→ Brief:
Repeat the listing below exactly. Pictures do not belong in the copy.

→ Data excerpt:
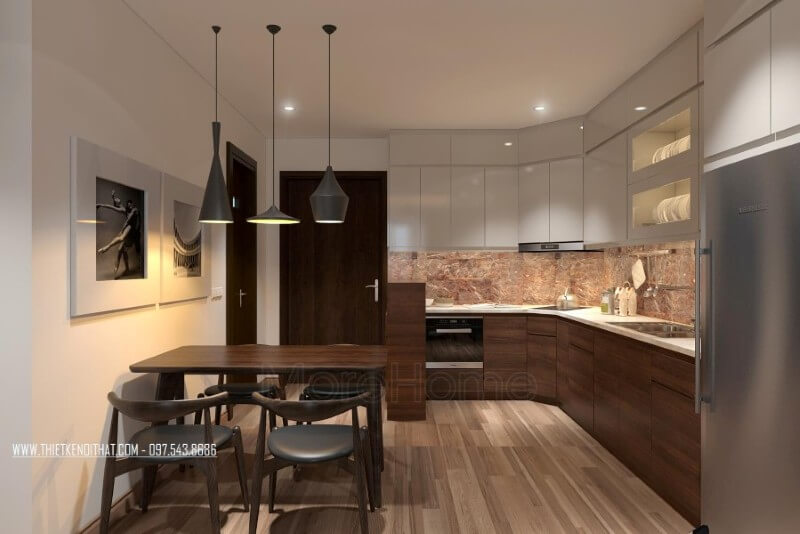 Mẫu tủ bếp hiện đại chữ L được uốn cong theo đường cong của tường tạo vòng cung mềm mại, hệ tủ bếp đa năng tiện lợi giúp cho gia chủ nấu nướng nhanh chóng và thuận tiện hơn Thiết kế và sản xuất tủ bếp đẹp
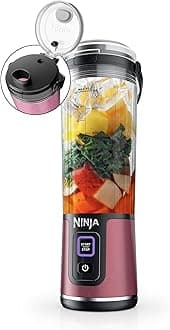 NINJABlast Portable Blender, Cordless, 18oz. Vessel, Personal Blender For-Shakes and Smoothies, BPA Free, Leakproof-Lid and Sip Spout, USB-C Rechargeable, Dishwasher Safe, Metallic Cherry, BC151RD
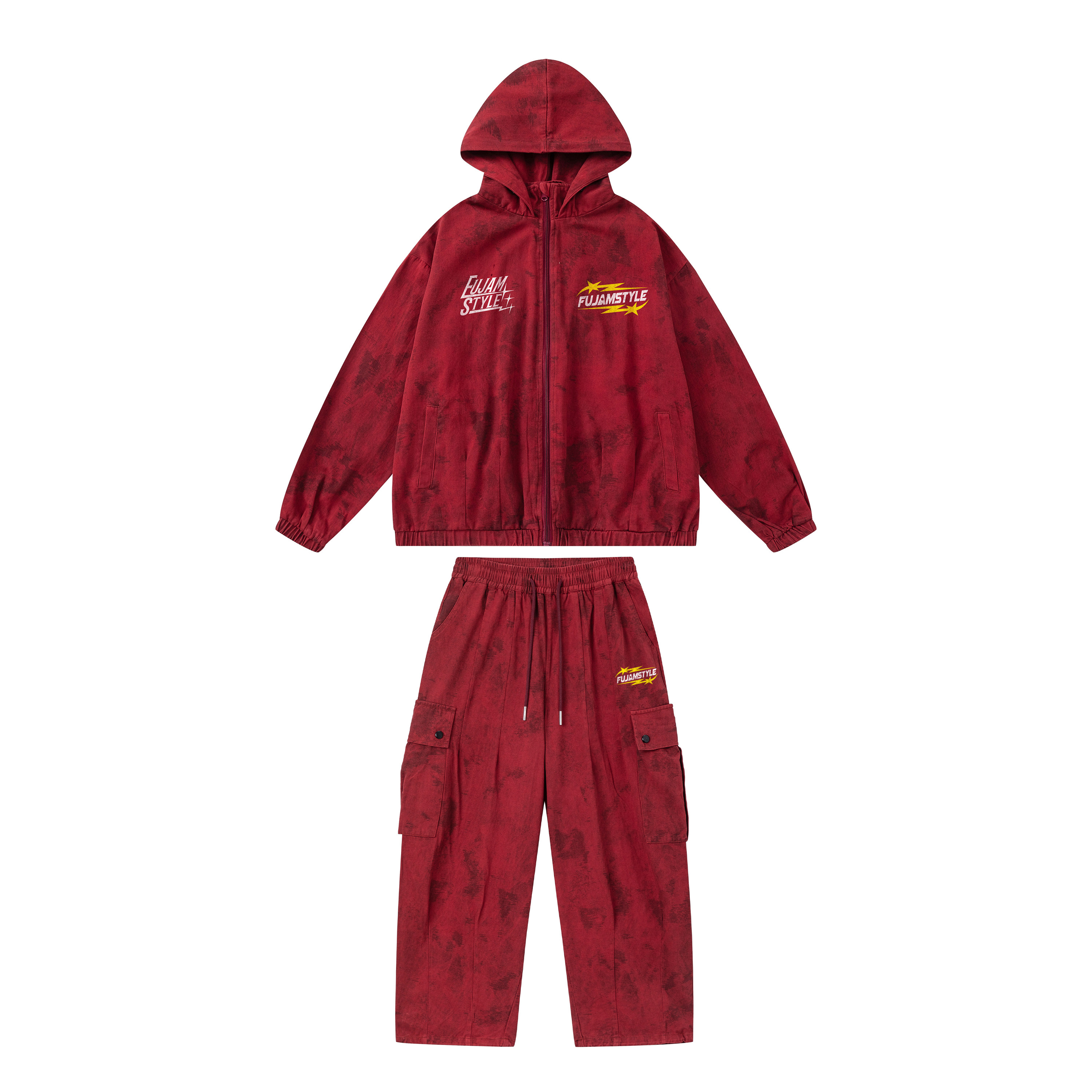 FUJAM儿童街舞潮牌复古水洗工装裤红色套装少儿hiphop潮酷演出服,淘宝优惠券,粉丝福利购,淘宝优惠卷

→ Task result:
 Mẫu tủ bếp hiện đại chữ L được uốn cong theo đường cong của tường tạo vòng cung mềm mại, hệ tủ bếp đa năng tiện lợi giúp cho gia chủ nấu nướng nhanh chóng và thuận tiện hơn Thiết kế và sản xuất tủ bếp đẹp
 NINJABlast Portable Blender, Cordless, 18oz. Vessel, Personal Blender For-Shakes and Smoothies, BPA Free, Leakproof-Lid and Sip Spout, USB-C Rechargeable, Dishwasher Safe, Metallic Cherry, BC151RD
 FUJAM儿童街舞潮牌复古水洗工装裤红色套装少儿hiphop潮酷演出服,淘宝优惠券,粉丝福利购,淘宝优惠卷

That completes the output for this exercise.